Task requirements:
Your answer should hold only the lines from the one with "used 2022 Nissan" through the end of the records, repeated exactly and minus any pictures.

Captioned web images
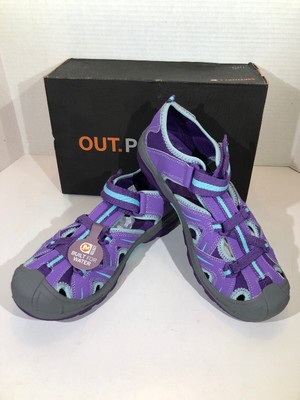 merrell purple sandals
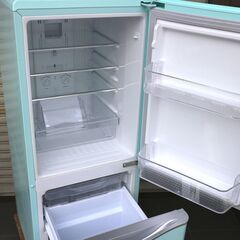 広島市内配達料無料 THE CLASSIC 18年製 グリーン レトロデザイン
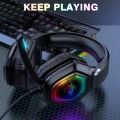 J-ANKKA-F3 Professional Gaming Headset. 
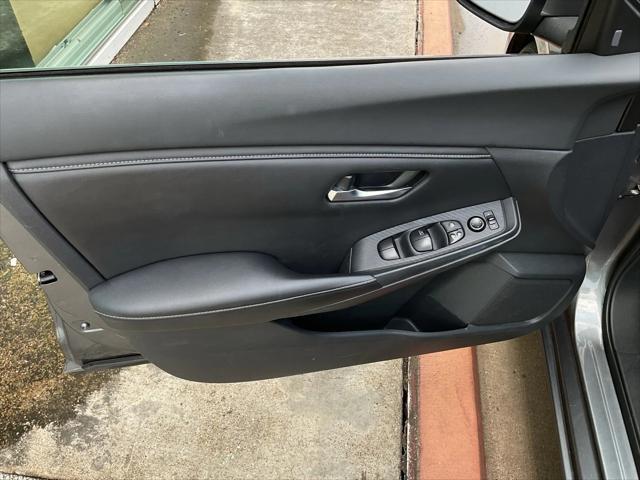 used 2022 Nissan Sentra car, priced at $15,401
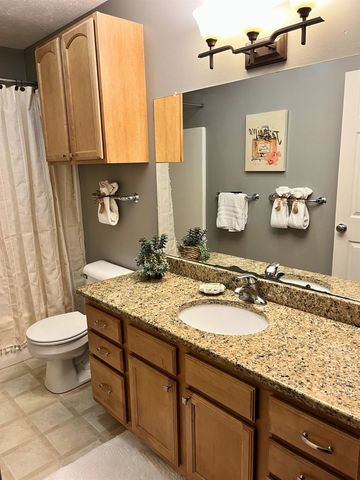 6394 Waterclover Street, Unknown, MI 49088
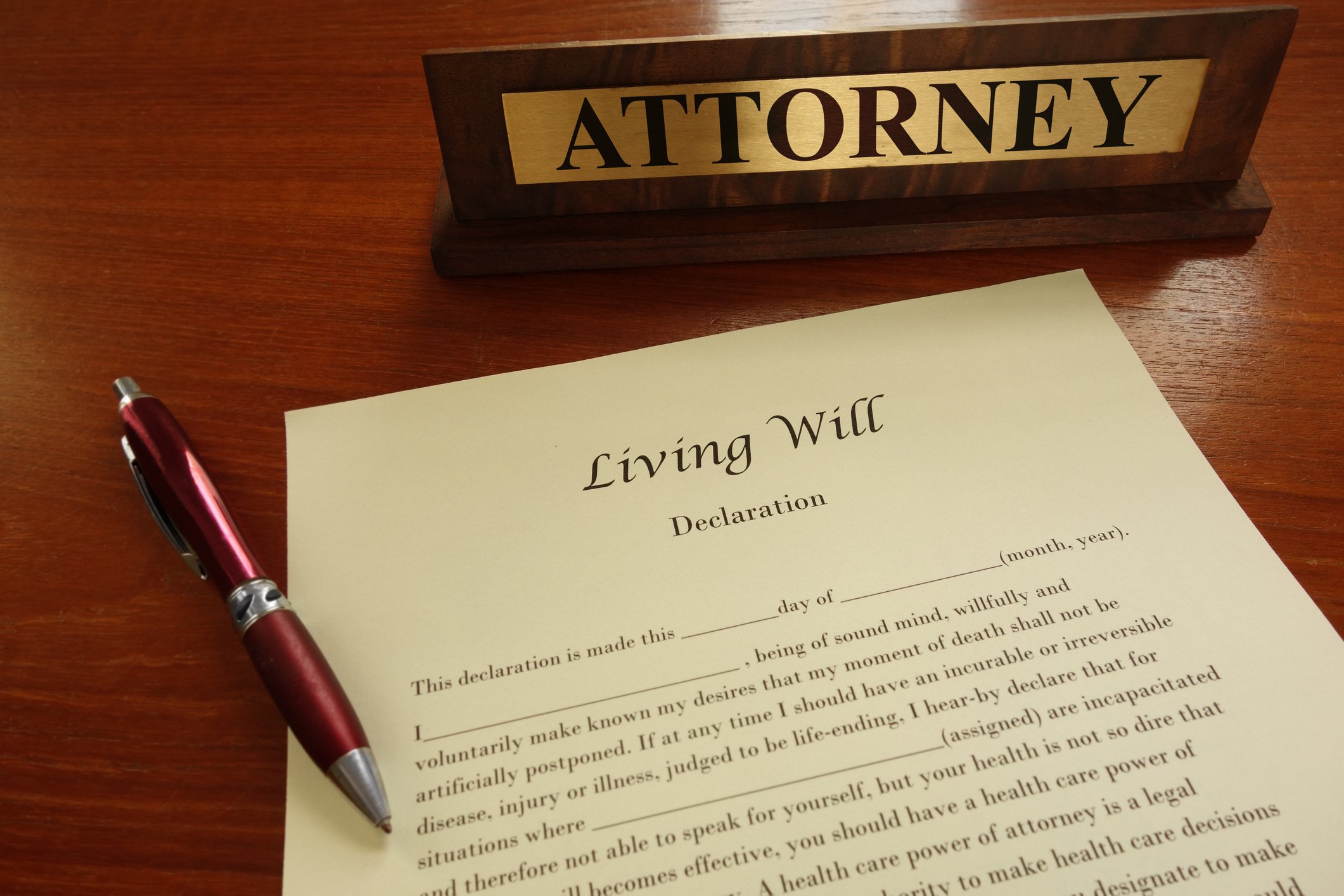 Things to Consider when Hiring Divorce Advocates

Exercise result:
 used 2022 Nissan Sentra car, priced at $15,401
 6394 Waterclover Street, Unknown, MI 49088
 Things to Consider when Hiring Divorce Advocates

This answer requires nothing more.